Endpoint Addition

\(\newcommand{\P}{\mathbb{P}}\) \(\newcommand{\E}{\mathbb{E}}\) \(\newcommand{\R}{\mathbb{R}}\) \(\newcommand{\N}{\mathbb{N}}\) \(\newcommand{\ms}{\mathscr}\) \(\newcommand{\bs}{\boldsymbol}\) \(\newcommand{\rta}{\rightarrow}\) \(\newcommand{\lfrta}{\leftrightarrow}\) \(\newcommand{\Rta}{\Rightarrow}\) \(\newcommand{\LfRta}{\Leftrightarrow}\)

In this section we study a simple construction that adds endpoints to a given graph, and leads to the anlysis of the interesting collection of binomial trees.

Basics

Suppose that \((S, \rta)\) is a discrete, graph, so a graph in the combinatorial sense. Let Let \(T = S \cup S^\prime\) where \(S^\prime = \{t_x: x \in S\}\) is a distinct set of elements, disjoint from \(S\) and indexed by \(x \in S\). Extend the relation \(\rta\) to \(T\) by \[ x \rta t_x, \; t_x \rta x, \quad x \in S \] The graph \((T, \rta)\) is the graph obtained from \((S, \rta)\) by endpoint addition.

That is, we simply add an endpoint \(t_x\) to \(x \in S\) by an undirected edge for each \(x \in S\). If the original graph \((S, \rta)\) is symmetric (undirected) then so is \((T, \rta)\). A graph obtained by endpoint addition is always stochastic.

Suppose that \((S, \rta)\) is a discrete graph and \((T, \rta)\) the graph obtained from \((S, \rta)\) by endpoint addition, as in definition .

The (right) \(\sigma\)-algebra associated with \((T, \rta)\) is the reference \(\sigma\)-algebra \(\ms P(T)\).
If \(f\) is a probability density function on \(T\) and \(F\) the corresponding reliability function for \((T, \rta)\) then for \(x \in S\), \begin{align*} f(x) & = F(t_x) \\ f(t_x) & = F(x) - \sum\left\{F(t_y): y \in S, \, x \rta y\right\} \end{align*}

Details:

Let \(A_y\) denote the right neighbor set of \(y \in T\) so that \(\ms A = \sigma(\{A_y: y \in T\})\) is the \(\sigma\)-algebra associated with \((T, \rta)\).
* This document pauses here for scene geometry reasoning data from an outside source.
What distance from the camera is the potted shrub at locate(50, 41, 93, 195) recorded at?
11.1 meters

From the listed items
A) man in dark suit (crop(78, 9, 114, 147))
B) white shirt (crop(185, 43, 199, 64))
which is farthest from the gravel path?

Then \(A_{t_x} = \{x\}\) for \(x \in S\), so \(\{x\} \in \ms A\) for \(x \in S\). Hence \(B \in \ms A\) for every \(B \subseteq S\). But then also, \[\{t_x\} = A_x - \{u \in S: x \rta u\} \in \ms A\]
The first part of the displayed equation follows from the construction since \(t_x \rta x\) and \(x\) is the only such point. For the second part, \[F(x) = \sum \{f(y): y \in T, \, x \rta y\} = \sum \{f(y): y \in S, \, x \rta y\} + f(t_x) = \sum\{F(t_y): y \in S, \, x \rta y\} + f(t_x) \]

Given a probability distribution on \(S\), there is a natural way to construct a probability distribution on \(T\).

Suppose that \(f\) is a probability density function on \(S\) and that \(p \in (0, 1)\). Define the probability density function \(g\) on \(T\) by \[ g(x) = p f(x), \; g(t_x) = (1 - p) f(x), \quad x \in S \]

So if \(Y\) is a random variable in \(T\) with density function \(g\) then \(\P(Y \in S) = p\) and \(f\) is the conditional density of \(Y\) given \(Y \in S\). Moreover, \(\P(Y \in S^\prime) = 1 - p\) and the conditional density of \(Y\) given \(Y \in S^\prime\) is \(t_x \mapsto f(x)\).

in the context of definition , let \(F\) denote the reliability function of \(f\) for \((S, \rta)\) and \(G\) the reliability function of \(g\) for \((T, \rta)\). Then \[G(x) = p F(x) + (1 - p) f(x), \; G(t_x) = p f(x), \quad x \in S \]

Details:

Let \(x \in S\). Then by construction, \(G(t_x) = g(x) = p f(x)\) since \(t_x \rta x\) and \(x\) is the only such point. On the other hand, \[G(x) = \sum \{g(y): y \in T, \, x \rta y\} = \sum \{g(y): y \in S, \, x \rta y\} + g(t_x) = \sum \{p f(y): y \in S, \, x \rta y\} + (1 - p) f(x) = p F(x) + (1 - p) f(x)\]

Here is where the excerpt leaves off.